When none of her fellow reporters could get into William Shatner’s wedding, Marlise volunteered, and complete with wine glass and high-heel stilettos, pretended to be drunk by squatting in some bushes outside of the wedding tent. Oddly enough, security spotted her and escorted her back to the tent thinking she was a tipsy wedding guest. Blending into the small crowd of 50 guests was difficult but she did, and even came face to face with the Star Trek legend. Surprisingly Marlise managed to get pictures to publish the story.
Once in order to get information on Jodie Foster, one of Hollywood’s most private celebrities, Marlise took a neighbor’s cat into the same vet where Jodie was spotted with her dog a few days earlier. At the time, Jodie was pregnant but the identity of the father was unknown. After Jodie gave birth, Marlise used a floral arrangement as a decoy to make her way to the nurses’ station and even paused at the doorway to try to overhear anything that could be included in a story. Ultimately, Marlise was forced to rely on other sources to fill in the gaps.
Impressed with her willingness to get the story, editors pushed her to other assignments that seemed impossible to complete. With time, Marlise became indispensable to the tabloids. She became aggressive and loved the challenge.
Over the next three years, Marlise would break more than 200 stories, becoming the youngest tabloid journalist to penetrate the Hollywood scene.
“This job was the ultimate lure for an adrenaline junkie,” says Marlise. “For Globe, I was prepared to jeopardize my morals….and somehow justify it all through the use of my pen.”
Eventually Marlise’s life of lies and deception took a toll on her emotionally. She started having doubts about what she was doing and realized that some of her stories were hurting real people. When a photo came in about Madonna gaining weight, Marlise was reluctant to write a story. She felt like the photo had been stretched which made it appear that Madonna had put on 20 pounds. Marlise was instructed to write the story, and she did.
When Marlise went home that night, she was incredibly sad.
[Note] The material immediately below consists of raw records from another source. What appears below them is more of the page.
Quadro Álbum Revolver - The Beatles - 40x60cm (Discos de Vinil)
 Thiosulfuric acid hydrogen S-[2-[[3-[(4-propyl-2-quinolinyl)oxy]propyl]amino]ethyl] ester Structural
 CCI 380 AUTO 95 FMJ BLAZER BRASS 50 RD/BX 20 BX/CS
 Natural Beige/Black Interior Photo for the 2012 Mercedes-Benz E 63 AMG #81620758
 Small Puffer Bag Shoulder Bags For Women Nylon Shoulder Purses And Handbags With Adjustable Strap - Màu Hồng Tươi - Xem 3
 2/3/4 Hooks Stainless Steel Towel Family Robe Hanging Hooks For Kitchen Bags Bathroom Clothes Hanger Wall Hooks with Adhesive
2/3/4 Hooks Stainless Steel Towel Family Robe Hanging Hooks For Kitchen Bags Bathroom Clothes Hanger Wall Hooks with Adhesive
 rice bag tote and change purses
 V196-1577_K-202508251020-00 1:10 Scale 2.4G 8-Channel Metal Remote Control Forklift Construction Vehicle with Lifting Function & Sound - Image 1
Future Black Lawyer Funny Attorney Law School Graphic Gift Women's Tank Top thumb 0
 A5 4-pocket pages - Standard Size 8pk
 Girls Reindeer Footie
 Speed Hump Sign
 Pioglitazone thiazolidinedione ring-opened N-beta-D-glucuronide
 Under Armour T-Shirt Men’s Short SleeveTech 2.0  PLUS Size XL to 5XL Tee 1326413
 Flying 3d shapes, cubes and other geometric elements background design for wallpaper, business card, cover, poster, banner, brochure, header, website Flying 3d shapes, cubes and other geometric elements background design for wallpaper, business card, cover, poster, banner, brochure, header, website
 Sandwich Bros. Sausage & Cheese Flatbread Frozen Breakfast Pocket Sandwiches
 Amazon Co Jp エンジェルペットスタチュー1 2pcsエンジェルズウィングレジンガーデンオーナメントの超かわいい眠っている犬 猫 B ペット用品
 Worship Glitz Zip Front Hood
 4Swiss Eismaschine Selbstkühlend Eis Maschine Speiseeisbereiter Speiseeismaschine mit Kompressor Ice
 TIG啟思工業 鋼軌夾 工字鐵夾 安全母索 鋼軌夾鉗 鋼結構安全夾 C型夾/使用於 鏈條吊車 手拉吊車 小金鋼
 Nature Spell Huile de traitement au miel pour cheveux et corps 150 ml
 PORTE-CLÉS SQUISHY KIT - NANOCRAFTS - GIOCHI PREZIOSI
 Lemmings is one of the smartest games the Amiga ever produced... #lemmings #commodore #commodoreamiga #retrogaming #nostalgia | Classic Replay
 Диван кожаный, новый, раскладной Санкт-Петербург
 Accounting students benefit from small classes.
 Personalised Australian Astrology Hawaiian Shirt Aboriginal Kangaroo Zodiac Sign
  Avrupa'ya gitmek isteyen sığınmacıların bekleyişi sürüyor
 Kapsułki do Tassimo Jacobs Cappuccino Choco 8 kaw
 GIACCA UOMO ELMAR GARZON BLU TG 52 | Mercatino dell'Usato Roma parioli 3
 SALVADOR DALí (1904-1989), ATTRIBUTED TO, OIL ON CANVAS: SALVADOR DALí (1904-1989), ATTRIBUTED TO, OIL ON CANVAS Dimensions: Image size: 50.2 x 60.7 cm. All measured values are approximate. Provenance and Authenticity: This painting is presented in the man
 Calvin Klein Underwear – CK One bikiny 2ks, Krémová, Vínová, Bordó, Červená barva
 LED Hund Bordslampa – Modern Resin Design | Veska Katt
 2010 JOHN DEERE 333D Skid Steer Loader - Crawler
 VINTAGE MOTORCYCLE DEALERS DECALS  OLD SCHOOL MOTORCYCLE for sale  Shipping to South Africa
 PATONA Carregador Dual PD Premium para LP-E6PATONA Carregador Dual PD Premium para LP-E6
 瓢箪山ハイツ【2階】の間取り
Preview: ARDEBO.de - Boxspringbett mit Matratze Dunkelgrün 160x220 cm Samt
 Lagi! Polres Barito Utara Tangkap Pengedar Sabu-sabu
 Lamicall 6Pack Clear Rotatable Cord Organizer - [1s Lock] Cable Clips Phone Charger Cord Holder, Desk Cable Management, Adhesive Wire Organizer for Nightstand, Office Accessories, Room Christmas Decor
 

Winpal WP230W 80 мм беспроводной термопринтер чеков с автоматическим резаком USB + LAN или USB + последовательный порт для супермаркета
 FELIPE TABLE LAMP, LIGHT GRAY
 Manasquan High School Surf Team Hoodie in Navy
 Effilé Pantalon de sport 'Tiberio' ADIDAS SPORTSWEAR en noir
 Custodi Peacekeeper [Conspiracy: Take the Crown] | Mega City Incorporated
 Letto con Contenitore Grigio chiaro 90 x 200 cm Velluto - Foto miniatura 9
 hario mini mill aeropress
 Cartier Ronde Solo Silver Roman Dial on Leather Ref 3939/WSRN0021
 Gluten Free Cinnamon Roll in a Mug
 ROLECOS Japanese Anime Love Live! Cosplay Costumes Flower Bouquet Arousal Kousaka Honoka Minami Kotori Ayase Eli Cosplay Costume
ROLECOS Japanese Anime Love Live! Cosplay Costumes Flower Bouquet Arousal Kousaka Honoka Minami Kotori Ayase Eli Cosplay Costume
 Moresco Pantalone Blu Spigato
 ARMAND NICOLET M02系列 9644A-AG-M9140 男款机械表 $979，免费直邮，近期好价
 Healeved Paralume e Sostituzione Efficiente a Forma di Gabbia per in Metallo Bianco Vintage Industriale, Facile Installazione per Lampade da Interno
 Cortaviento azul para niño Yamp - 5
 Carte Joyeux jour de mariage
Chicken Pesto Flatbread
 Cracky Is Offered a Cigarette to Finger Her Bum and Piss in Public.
She stayed awake drawing, painting and writing in her journal. Marlise spent days in her office and nights under the covers crying herself to sleep. It was her first exposure to depression.
When the Globe was bought out by the owners of Star and The National Enquirer in 2000, Marlise felt like it was a good time to break free from her career. One night when Marlise told her sister that she wanted to quit the tabloids, Heidi pulled out a Bible and gave it to her sister. Marlise idly flipped it open to Job where her eyes fell on the words, "What I feared has come upon me; what I dreaded has happened to me. I have no peace, no quietness; Ihave no rest, but only turmoil."
The following morning, Marlise typed out a letter of resignation. She took a job as a nanny for one of Switzerland’s most influential families, but her passions for travel and writing led her to become a freelance journalist.
Marlise took a 13-month surfing and snowboarding expedition through 28 countries. After returning from her trip, Marlise’s mother encouraged her to develop her journals into a memoir. Marlise says it wasn’t one thing in particular that made her see the light, but it was a process for her to return to her faith in Christ.
“It was a gradual quest,” says Marlise. “Eventually it came to a point where it was God or nothing else.”